Actually, the speed with which some questionable ideas became mainstream, such as publicly designating institutions as systemically important, was quite surprising. I think it's important to take care to ensure that the changes that are being made do not sow the seeds for the next crisis. And while I continue to hear the view that we must act quickly or change will be impossible, I get very concerned with that.

Financial systems are dynamic and you always have to be ready to make changes, not only now but going forward. You have to be prepared to make tough decisions in the good times. This tends to be [the view]internationally, when people in other countries, in particular, say there's only one shot at making changes, that … concerns me.

A lot of other fairly major decisions were made in the past year, such as Britain's tax on bankers' bonuses. Would you characterize any of them as mistakes? Not a lot of final decisions have yet been made. I would say that in the past year there was a lot of discussion about the diagnosis. And I think the diagnosis was incorrect on occasion. So, for example, people identified certain problems, such as innovation.

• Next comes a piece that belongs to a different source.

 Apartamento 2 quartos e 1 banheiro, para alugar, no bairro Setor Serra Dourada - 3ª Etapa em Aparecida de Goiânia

Innovation was the problem. Use of [risk]models was the problem. Institution activities like proprietary trading were the problem, or size was the problem. At the end of the day though, I think when you look at it, it was risk management around all of those things that was the problem.

So to hear people say that we should put a lid on innovation, we should not let institutions use models, we should ban certain activities - I think you have to be sure that you have the right diagnosis before you come up with solutions.

We recently saw Laurentian Bank raise its dividend, one of the first banks to do so in the wake of the crisis. Are financial institutions entering 2010 with more certainty about what the rules will look like? I think that the environment has changed and the financial system has stabilized.

But I think that it is extremely difficult to predict where the capital rules will end up. … That, combined with all of the other challenges that I talked about - low interest rates, exit strategies, stock markets, deleveraging, etc., make this, I think, a very challenging time.